The update also includes support for Clang and GCC tools on Linux arm64 architectures, extending compilation possibilities on these platforms. Moreover, several API enhancements for build authors have been introduced, enabling more efficient and flexible build process definitions.
LangChain4j 0.36
The latest version LangChain4j 0.36.0 by Dmytro Liubarskyi primarily raises the minimum required Java version to 17, allowing the use of modern language features in the library’s API. The API itself has been enriched with a low-level interface that enables precise parameter definitions for Tools, giving developers greater control over the configuration and integration of external components. Additionally, the dependency on Lombok in the langchain4j-core module has been removed, simplifying the compilation process and reducing potential compatibility issues—a problem cited by the team working on the Microprofile AI standard mentioned a few editions ago.
Version 0.36.0 also introduces new integrations, such as support for Cohere as an embedding store. Support for Google AI Gemini as a streaming chat model has also been added, along with similar support for China’s DashScope, a service offered by Alibaba Cloud that provides APIs for integration with large language models and other AI models. Moreover, integration with Mistral as a moderation model simplifies filtering and controlling content generated by applications. Integration with Anthropic models now supports buffering system messages and tools.
Lastly, an interesting tidbit (at least for now).
On November 22, 2024, the company Deno filed a petition with the USPTO to invalidate Oracle’s trademark "JavaScript," a derivative of Java. The allegations include the generic nature of the name, fraud in trademark renewal, and abandonment by Oracle. The case has gained massive community support, including from JavaScript’s creator, Brendan Eich, and could change the way the programming language is perceived in the future. This is a developing, intriguing, and complex story, and I’ll revisit it once the other side responds to provide fair context about the trademark’s history. As you can imagine, it has quite a bit to do with Java 😉
To wrap things up, two CFP invitations
The Call For Papers for GeeCON 2025 has started. It will take place in my Mothership: Krakow, Poland, and topics include JVM, cloud computing, software engineering, and emerging languages. Submissions are open until January 31, 2025.
I love GeeCON and would love to see you there - it's a unique chance to meet live, as I’ll definitely attend the conference.

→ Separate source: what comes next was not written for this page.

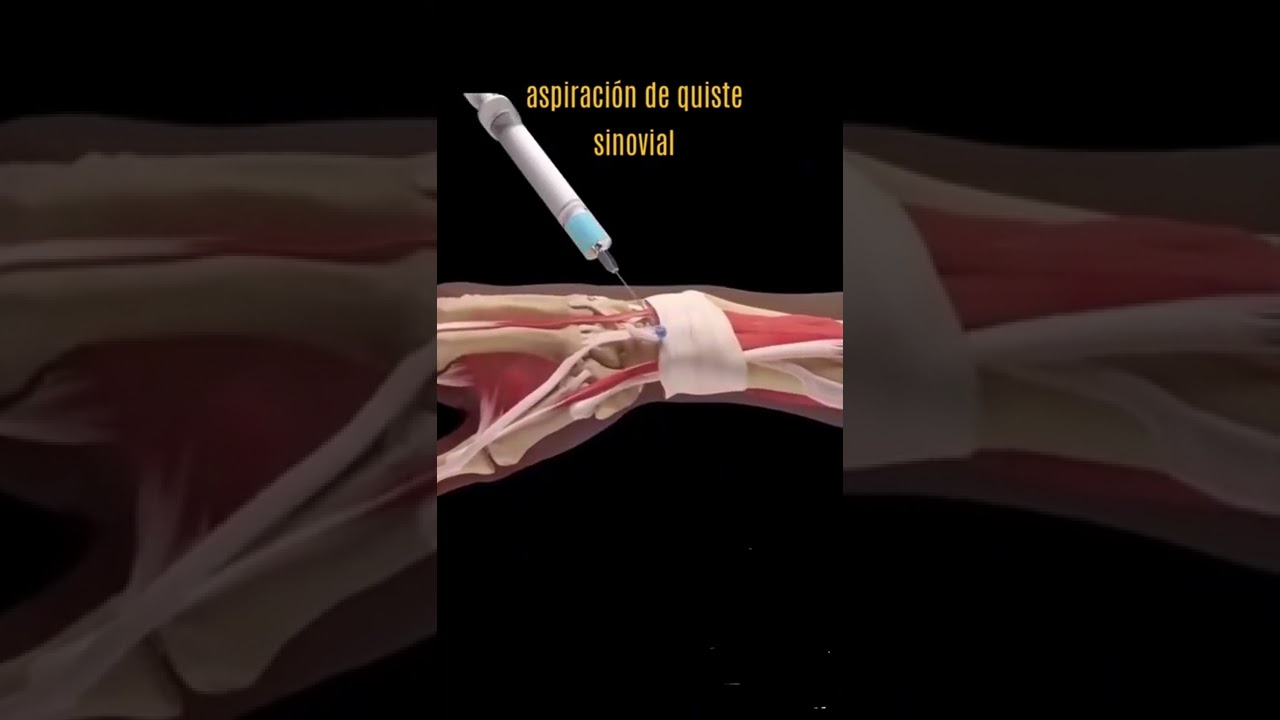 ASPIRACIÓN DE QUISTE SINOVIAL #suscribete #drarmenta #viarsa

On the other hand, the CFP for this year’s KotlinConf is ending. If you want your talk to appear at the largest Kotlin conference, don’t miss this opportunity and submit your proposal here by November 30.
BTW: No promises yet, but I’ll try to find a way to inform potential speakers reading this newsletter about upcoming CFPs. I just need to find a reliable source of such information 😃 So if you’re organizing a conference and want to share your CFP, let me know 😃
And next week - the JDK 24 Feature Freeze. I can’t wait to dive into all the announced features
PS: Happy Thanksgiving to readers in the US. I envy you.